THE TRAITOR WHO IS THE WRITER

 

This is an essay about writing and trauma.

 

This is an essay about violence: of men, of armies, of women, of relationships, of gossip and memory, of having to remember and having to testify.

 

This essay is an exercise in intimacy. It questions why women on the margins have to trade in our trauma for the chance to be heard.

 

This essay in an exercise in trust. I have never discussed my writing – writing as life, as living, as central to my existence and my identity – with any of the men in my personal life. I feel vulnerable enough giving them my love, giving them the pleasure of my body, giving them the power to reject me from one night to the next. I discuss my writing with those who know me only as a writer: my agent, my editors, and most of all, my readers. That is why I bring this essay to you: to show you where some of my writing comes from.

 

This essay is the story of how I grew up vicariously involved in the armed struggle for Tamil self-determination. This essay is the testimony of what I learned as I listened to other women share their stories of trauma.

 

This is an essay about three women: a Tamil Tigress, a Tamil Tiger’s wife, and me.

 

 

 

MY STORY

 

When did my identification with Tamil nationalism begin?

 

Perhaps it began when I was a newborn baby, barely a few weeks old, and my father was asked to resign from his job as a Tamil teacher at a school in Choolaimedu, Chennai. He remembers the day vividly: 31 October, 1984, the day India’s Prime Minister, Indira Gandhi, was assassinated by her bodyguards. Why was his resignation demanded? My father taught Tamil at the Lalchand Milapchand Dadha Senior Secondary School, a private school run by a Hindi-speaking Jain management. He had crossed the point of no return by politicising his teenage students and taking them along to protest demonstrations. I heard this story repeatedly over my childhood, and remain convinced that when people are punished for their beliefs, it only ends up reinforcing them.

 

My father was no anomaly. He merely reflected the prevailing mood in Tamil Nadu, our home state in southern India. The civil war in Sri Lanka had begun. A year earlier, in 1983, the deadly Black July pogrom had seen Tamil people in Colombo attacked, murdered and publicly lynched by Sinhalese mobs. The systematic targeting and scapegoating of the Tamil-speaking minority was a standard feature in post-independent Sri Lanka. The Sinhala-Buddhist majoritarian state virtually reduced the Tamils to second-class citizens, passing the Official Languages Act in 1956 which removed Tamil as an official language of the state, and reinforced a Sinhala-only policy which meant that Tamils could not access government jobs, or even intercede with the state in their own mother-tongue. This was followed, in 1972, by a disastrous policy of standardisation, which prevented Tamil students from accessing education and employment on a par with their Sinhalese peers.
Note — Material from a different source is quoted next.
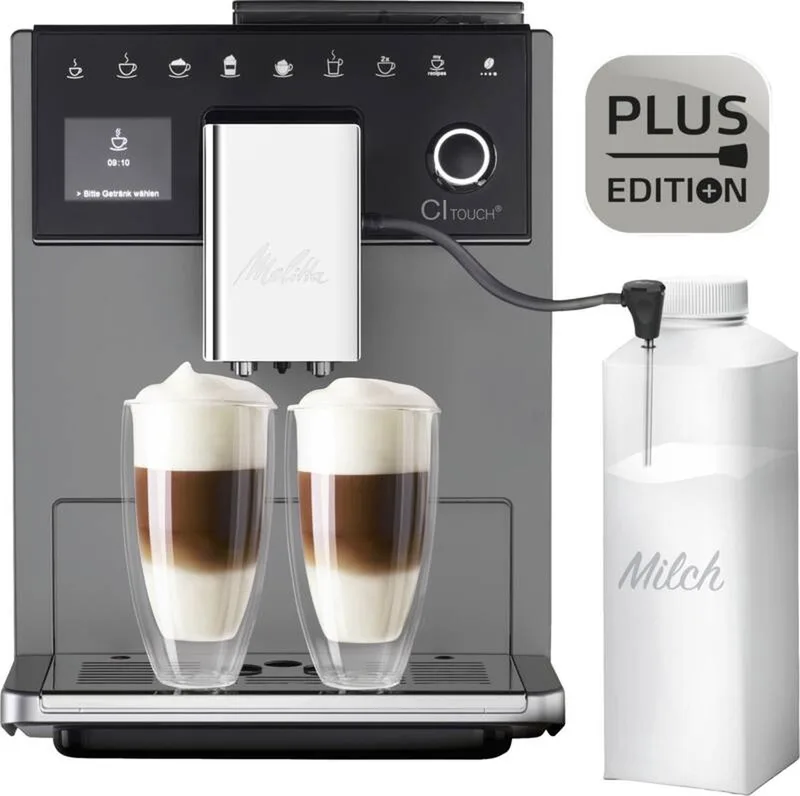 CI Touch F630-103 Plus - Volautomatische espressomachine von Melitta in Anthrazit – Produktfoto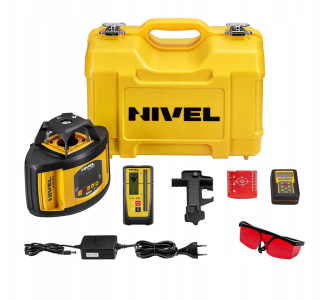 Nivelak - SYSTÉM NIVEL NL540 DIGITAL LASER LEVEL RED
The burning in 1981 of the Jaffna Public Library, which housed centuries-old rare Tamil manuscripts and histories, was seen as a direct attempt to erase their history. Clampdowns on the Tamil press were common. Against this backdrop of rising ethnic tensions, with the state pursuing an explicitly Sinhala Buddhist agenda, the Tamil Tigers (officially, the Liberation Tigers of Tamil Eelam, or LTTE) – one of many militant groups on the island – had killed thirteen soldiers of the Sri Lanka Army in an ambush in Jaffna on 23 July 1983, in retaliation against the abduction and rape of Tamil schoolgirls by state forces. While the standard, established practice was to send the bodies of the slain soldiers to their hometowns, the Sri Lanka Army Commander Tissa Weeratunga and the Sri Lankan President J. R. Jayewardene decided to bury them with full military honours. Their mangled bodies were brought to the Kanatte cemetery in Borella, in the heart of Colombo, and kept for public display. A delay meant that thousands of Sinhalese had already gathered at the cemetery before the bodies arrived. That crowd morphed into a mob, and armed with electoral rolls to identify Tamil homes, these state-supported rioters ended up killing over 3,000 Tamils, and left about 150,000 homeless overnight.

 

This caused an unforeseen influx of Tamil refugees into Tamil Nadu. Being neighbours with a shared language and history, who had also stood up to majoritarianism in our own country, we welcomed them with open arms. Tamil people took to the streets to protest, to call upon their own government to step in. From one day to the next, the war on the island began to enter our homes.

 

*

 

Perhaps it was the inevitable trajectory for someone who was an Indian Tamil.

 

Within our one-bedroom home on CNK Road in the gritty Chepauk Triplicane area, the war meant long conversations and a never-ending stream of visitors. It meant that my mother, a mathematics professor, would take on refugee students and appeal to the colleges she knew in Chennai, pleading for them to be admitted. It meant that my father, an unemployed Tamil scholar, would volunteer his proofreading skills to the many printing presses that were being set up by Tamil militant groups to manufacture their pamphlets, posters, campaign material. It meant that when someone came to our home, amma would put water to boil on the stove to make a sugary tea and appa would run downstairs to fetch vadai from the Nair mess at the corner of the street.

 

This everyday engagement mirrored the wider mood. India set up secret military camps to provide arms training to the Tamil guerrilla groups, ostensibly to protect the Tamils, but primarily to ensure its own supremacy as a regional player. As the civil war in Sri Lanka escalated, India also intervened in an official capacity. Its diplomatic efforts resulted in the Indo-Sri Lanka Peace Accord of 1987, which promised a devolution of power, a conditional merger of the Tamil-speaking Northern and Eastern provinces (the Tamil homeland of Eelam), and the recognition of Tamil as an official language. The accord also promised the disarmament of the Tamil militant groups and an end to the civil war, and stipulated the deployment of an Indian Peace Keeping Force (IPKF) for this purpose.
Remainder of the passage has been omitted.